120 軍神 1
戦い場面ですが表現力がなく申し訳ありません
ライは馬車で村や街に薬配りを続けた。少しずつ大地が本来の姿に戻っているのを実感しながら森に沿って進んでいった。森は静かにすぐ横にあるのに動物の声も鳥のさえずりもない。町や村が戻っても森の変化をどうしたらいいかライは考えあぐねていた。
馬車がガタンと音を立てて急停止する。
「ライ、外に出るな。盗賊だ」
しばらく平穏な旅だったのでライは思わず馬車の中から顔を出した。村人崩れの盗賊には何回か出会っていたが、今回は戦い方に統率が取れている盗賊と出会ってしまった。指示を出している男は、見たことのない大男だった。ライの体に緊張が走った。

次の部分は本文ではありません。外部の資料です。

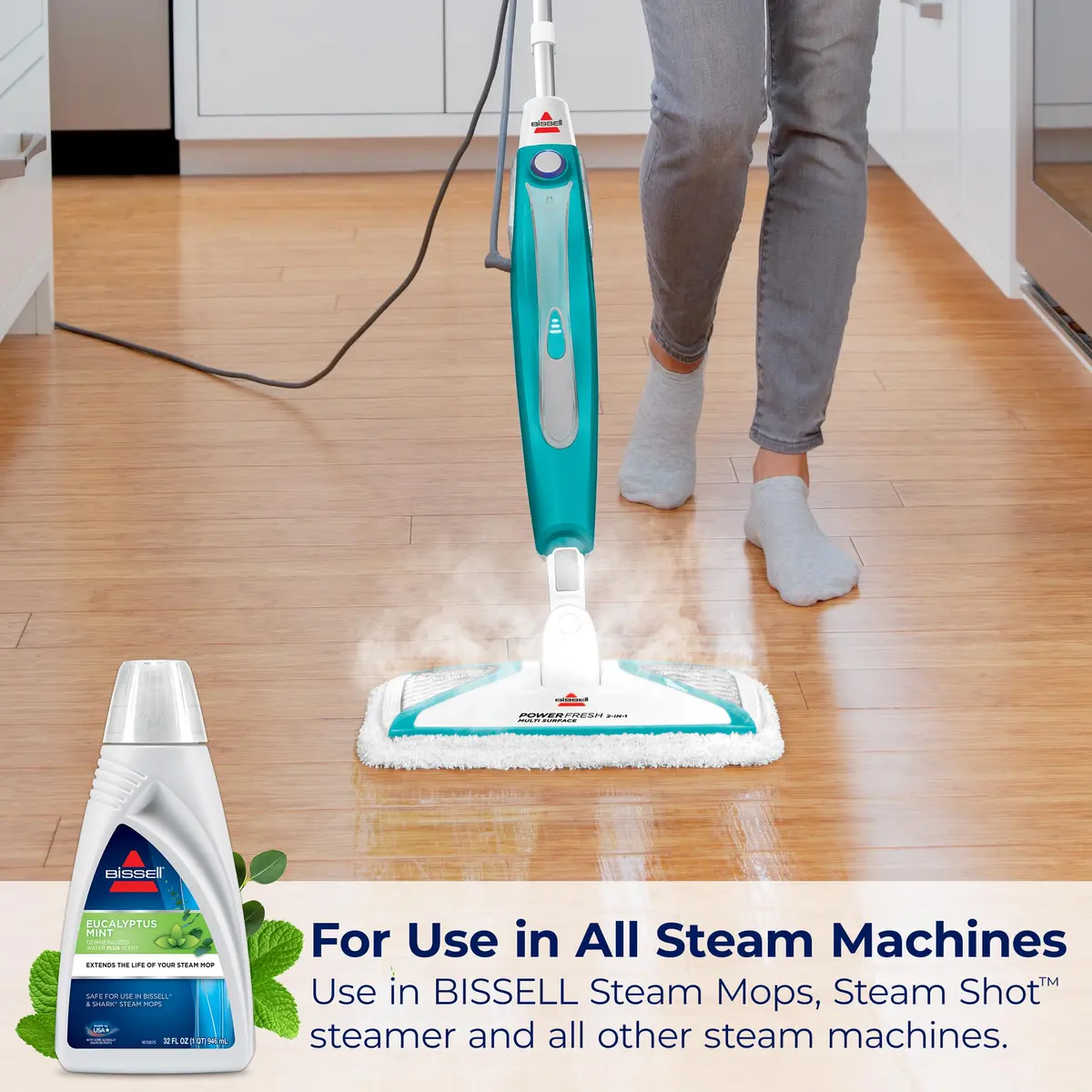 BISSELL Eucalyptus Mint Demineralized Steam Mop Water 946ml (32 oz) | Extends Machine Life - view 6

「我は神に選ばれし軍神なり。我の配下に入るなら快く迎えよう。そうでなければすべて死を手向けよう」
響き渡る大男の声がライたちを迎えた。大男の周りには五、六十人ほどの鎧を身に着けた男たちとその後ろには鎧をつけていない暴徒たちがその倍以上いた。避けられない戦いとはこれなのかもしれない。戦いの神の神玉を創造神が抜き取ってあるはずだが、どう猛さは何も衰えていない。
大男は禁止薬のせいだけではなく、もともとの性格が暴力的なんだろう。似た者同士なのか、長いものに巻かれたか多くの男たちが徒党を組んでいる。エックが魔力を練り始め、続きライも魔力を練る。ライたちの魔力を感じたのか、軍神の体から闘気があふれ出すと筋肉が盛り上がり、一回りも二回りも大きくなった。周りの男たちは大男の闘気を感じて戦闘態勢に入った。
「すべて殺せ。我らに仇する奴に手加減はいらない。我ら軍神の使徒なり」
「「「「ごおおー」」」
軍神のすぐ横に控えし男が戦いの雄叫びを上げて、一斉に馬車を取り囲もうと動く。その寸前にエックが最上級の雷魔法を投げつけ、空から多数の稲光が落ちた。数十人が跳ね飛ばされ火傷を負って死んでいった。突然の稲光に魔法を知らぬ生き残った盗賊たちは、驚くもすぐに体制を整え、まだ息のあるものさえ踏みつけてエックに向かっていった。盗賊の目が血走り猛獣の如く怒りをあらわにした。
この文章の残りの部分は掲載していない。